The Mayton Inn will have a 3,000-square-foot terrace that will overlook a future downtown Cary park.
This time next year, you might find Colin Crossman there. He’ll be the one holding a gin and tonic made at the hotel’s upscale cocktail bar that uses his own tonic recipe.
The four-story, 55,000-square-foot hotel will have 45 rooms and a 100-seat restaurant.
The Cary Town Council on Thursday awarded a $1.4 million loan to Crossman and his wife, who plan to build a $9.5 million boutique hotel at a town-owned site on the corner of East Park and South Academy streets.
The loan is from the U.S. Department of Housing and Urban Development. Cary applied for the money on behalf of the Crossmans, and the department awarded the loan in late June on the condition that the project creates 40 jobs targeted toward people from low- to moderate-income families.
The project has been in the works for more than two years, Crossman said. The council’s blessing of the loan agreement – considered a formality – was the last major hurdle on the path to construction.
But it didn’t come until after critics of the project aired their grievances in a public hearing.
Three members of CaryWatch, a grassroots group that advocates for conservative government, said the town should have granted the property through a bidding process and argued that the project is high risk.
The group has questioned whether the high-end hotel will attract visitors to downtown Cary.
“We believe that elected officials such as yourselves are representatives of the residents and taxpayers of Cary and not agents of the Crossmans,” Peter Emens told the council Thursday. “In many respects, staff and Town Council have crossed that line.”
Mayor Harold Weinbrecht said Cary did not discourage public involvement with the project.
“Hours upon hours upon hours of staff time has been spent answering questions – equating, ironically, to thousands of dollars of staff time,” Weinbrecht said. “I think we’ve been about as open and honest as we can be.”
Crossman also spoke at the public hearing, and he said The Mayton Inn will be more than just another hotel.

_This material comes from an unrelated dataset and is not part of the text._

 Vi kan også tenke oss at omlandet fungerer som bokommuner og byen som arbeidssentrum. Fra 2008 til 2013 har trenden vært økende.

He plans on making it a four-diamond hotel like his other business, The King’s Daughters Inn, in Durham.
The hotel plans to make most of its money from weddings, but Crossman also expects to host business travelers and people visiting Cary’s retirement communities on weekdays.
It will be one of the few hotels that’s not on the edge of town, he said.
“We’ve already been getting (wedding) inquiries left and right that we can’t satisfy yet,” Crossman said. “We won’t be accepting firm contracts until at least halfway through the project.”
Crossman expects construction to start in two to three weeks, and finish up sometime next summer.